Wednesday, February 22, 2012

See/Skip/Savor: My Neighbor Totoro

I'll spare the categories and just cut to the chase: see My Neighbor Totoro and savor it. I was afraid it would scare me. I was afraid I wouldn't like it. I was afraid I would miss something by not watching it with subtitles. I was afraid I wouldn't be able to get it back to the library. I was afraid I'd never get it to play on a computer past the first five minutes.

I am obviously afraid of many things. I watched it in spite of those. It's a children's movie after all, right? Yes. And no. It's a movie for everyone. For me though, it was a movie for the mom I am not yet: both literally and spiritually.

I'm afraid of more things than just not liking movies.
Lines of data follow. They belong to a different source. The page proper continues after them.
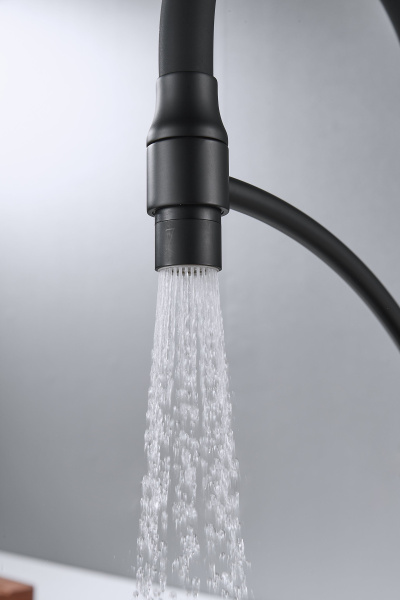 Смеситель для кухни с гибким изливом Shevanik S743H-3, черный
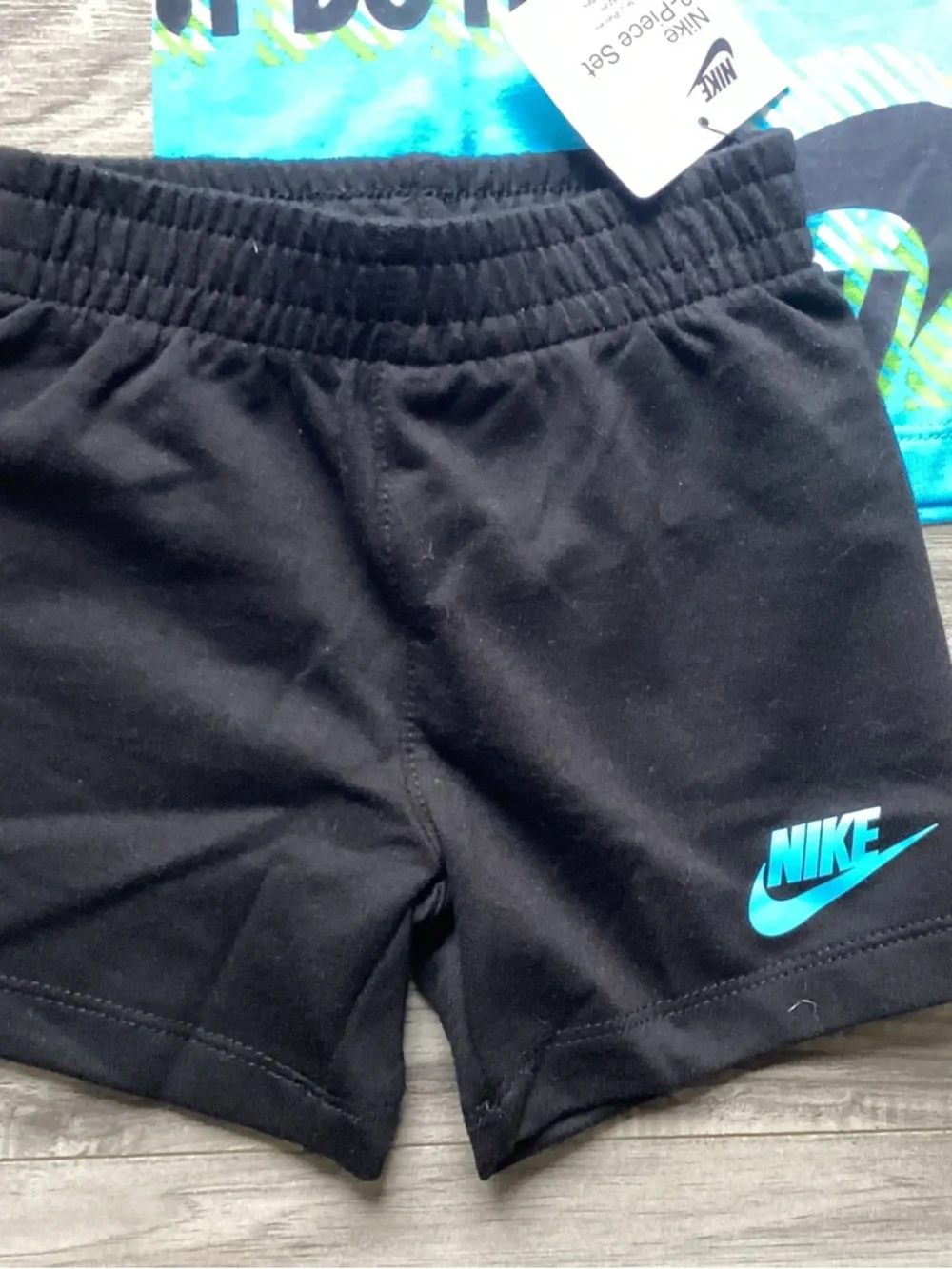 Nike Baby boys Shorts set size 12 months(NWT) ~FIRM, NO OFFERS~ - Picture 2 of 4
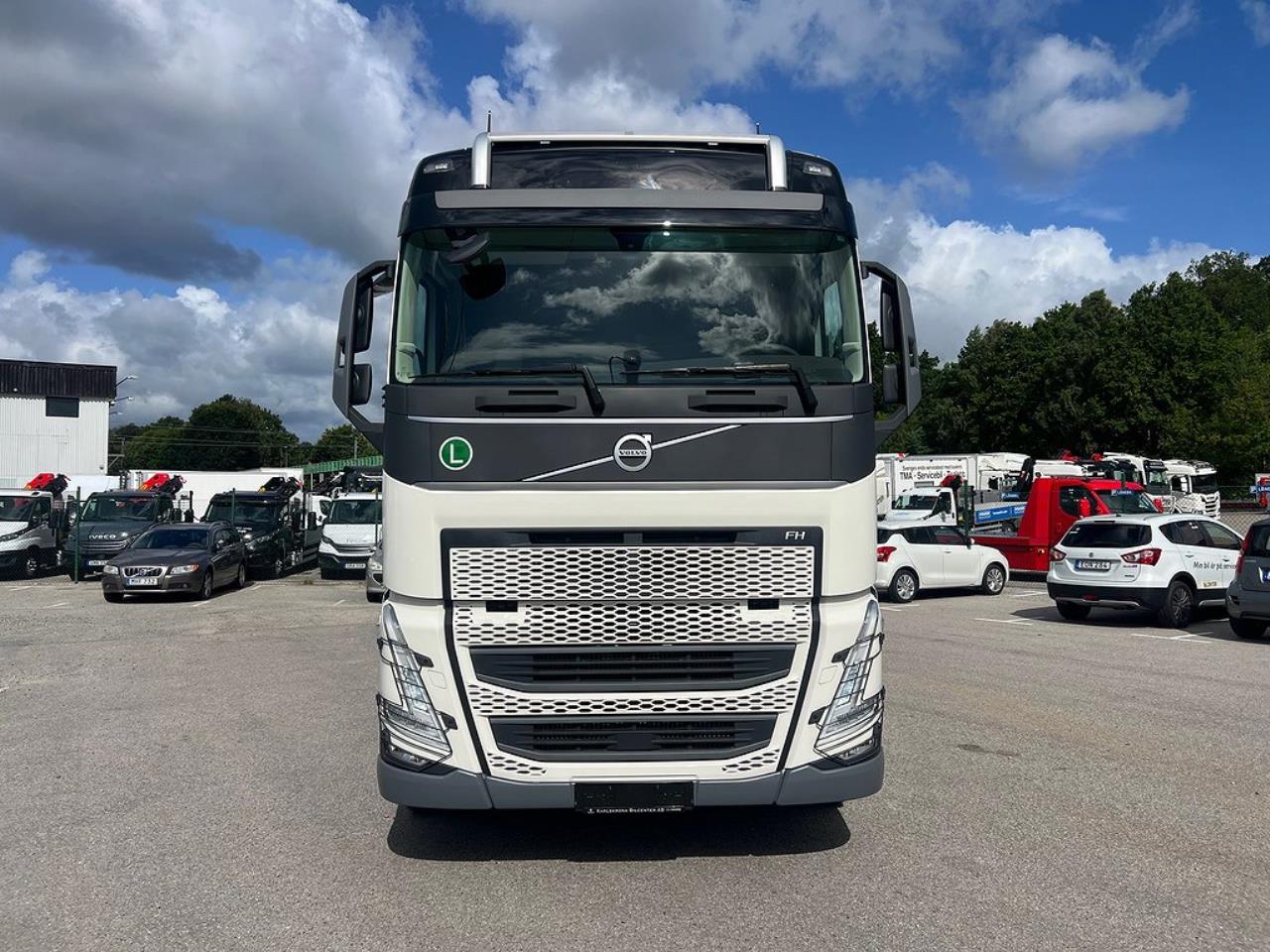 Volvo FH13 500 6x2*4 Skåpbil/Kylbil 23 pallars ?? 2024 - Skåp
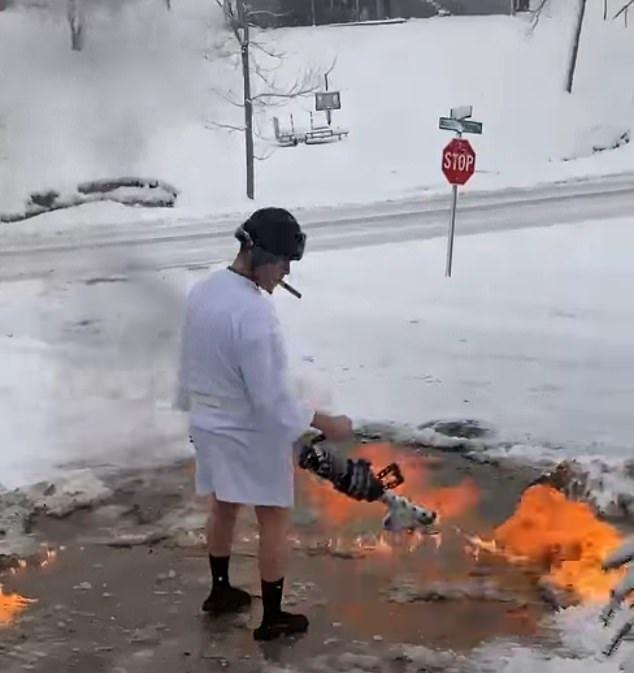 太硬核！美国一男子用喷火器清除门前积雪 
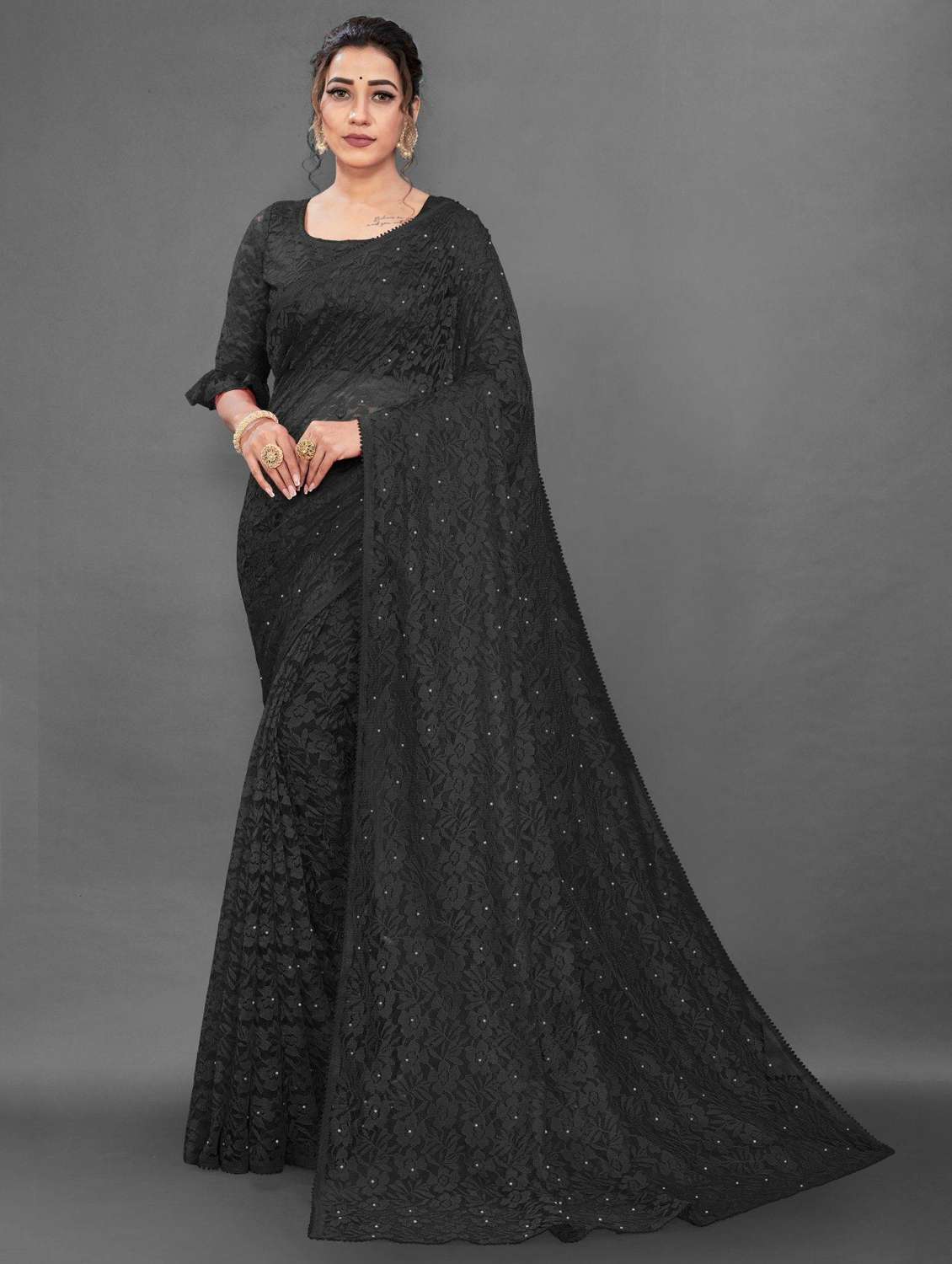 women self design plain saree with blouse - 22065977 - Zoom Image - 0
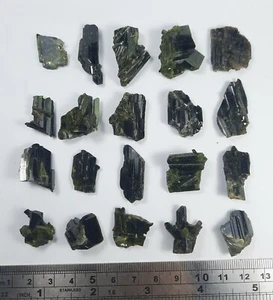 Lote de 20 piezas de cristales de epidota pleocroica ricos en cromo de Pakistán. - Imagen 1 de 10
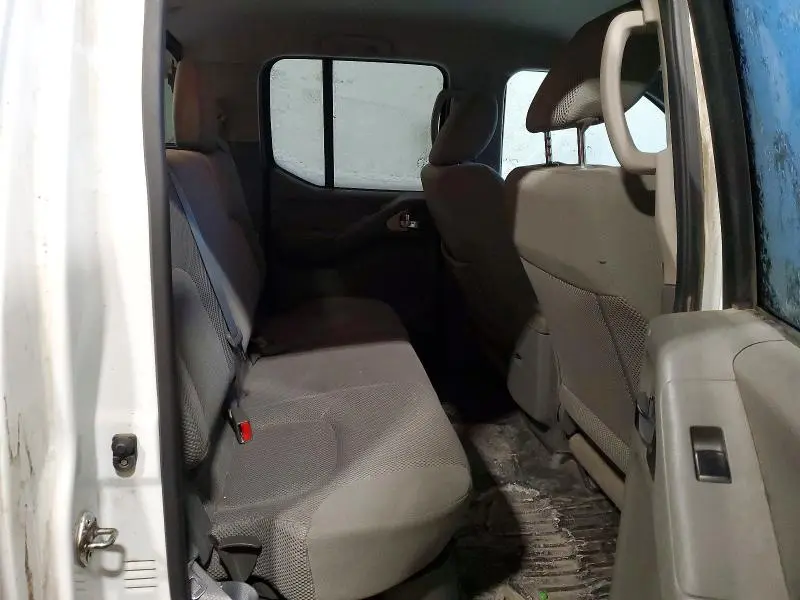 2017 NISSAN FRONTIER S  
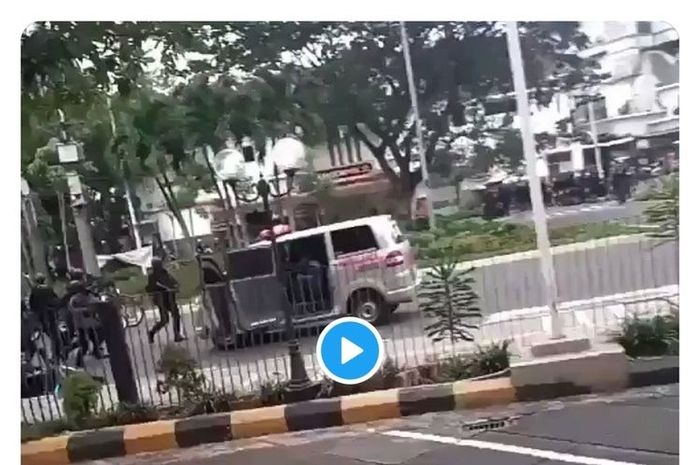 Video Suzuki APV Ambulans dikejar-kejar polisi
Unlike Satsuki and Mei, I'm afraid of the dark. I'm afraid of things hiding in corners. I'm afraid of monsters. I'm afraid of ghosts. These are things we normally stop fearing once we're no longer little kids. I think Satsuki and Mei have beaten me to overcoming these though. They step into the darkness with a loud growl and a laugh to scare away anything scary. This is a lovely method, but can a grown woman scream every time the sun goes down?

I'm afraid of my own children some day coming to me with fears that I also have: things under the bed, making new friends, and dark spaces. I need to respond with comfort, proper assurance, and real answers—things I need to give myself now.

I'm afraid of worse things: like losing children. I recognize that I'll become an over-bearing mother who can't let her kids out of her sight. Though I recognize that, I'm determined not to become that. As Satsuki and Mei ran around free in their world, I was nervous. I wanted them to be safe. I wanted someone to know where they were at all times. But as the movie went forward, my worries left. The example of trusting, loving, and hopeful parents stood in place of what I feared. Their children were taken up by a cat bus, for crying out loud, and I was totally okay with that. It's a safe world. My children won't have a Totoro exactly, but are we not constantly encircled in the care of angels? I believe that. I can trust that. I can let my children run. I can escape my own fears.